Asked whether performance data are useful at agencies, Walker said they "are largely a paperwork exercise" until the government has a "strategic forward-looking, threat-based plan saying 'this is what we want to accomplish and this is how we measure success.' "

Asked about prospects for reorganizing government to remove duplication and achieve efficiencies, Walker said there are 35 agencies that focus on financial literacy. "Who authorized them?" he asked. But not all duplication is inefficient, he added. People need to find out "how much is statutory control and how much is mission creep."

Asked about prospects for reforming Social Security, Walker stressed the need for a "fact-based" discussion, saying the retirement program is neither in crisis nor problem-free. He said when President George W. Bush campaigned to give recipients the option of using portions of Social Security funds for private investment accounts, he was forgetting that "the second word in the program is security, not opportunity." What is needed are supplemental individual savings accounts, he added. "We would have gotten them back in 1999 if not for the blue-dress incident," referring to President Clinton's troubles in the Monica Lewinski affair.

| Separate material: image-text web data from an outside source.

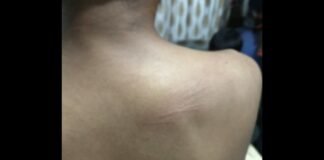 UP: बहन से अश्लील हरकत का विरोध करना पड़ा भारी, समाचार पत्र विक्रेता की लाठी-डंडों से पिटाई, मामला दर्ज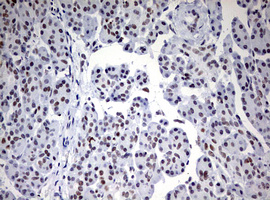 CD5 Antibody - IHC of paraffin-embedded Human pancreas tissue using anti-CD5 mouse monoclonal antibody. (Heat-induced epitope retrieval by 10mM citric buffer, pH6.0, 120°C for 3min).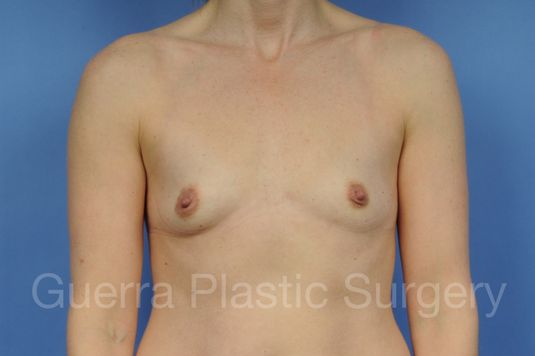 Case #1001156 Before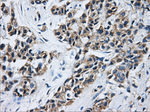 ACO2 Antibody in Immunohistochemistry (Paraffin) (IHC (P))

Walker sympathized with agency representatives who complained that Congress' dependence on continuing resolutions makes planning difficult, and he acknowledged well the well-known tendency of agencies to spend money in the final months of the fiscal year to avoid losing it in the subsequent year's appropriation.

In the grand budget deal he hopes is coming, Walker said he would like to see "comprehensive reform, not a balanced approach, but a 3:1 spending-to-revenue ratio." What is needed is more discussion of metrics for deciding what is a tax increase, he said. He forecast more user fees, for example; tax reform that would mean fewer tax deductions and exclusions; and the tapping of new revenues through income-means testing of benefits in Medicare Parts B and D, which are voluntary programs.

Such approaches, Walker said, "would not violate the pledge" against raising taxes that so many politicians have signed.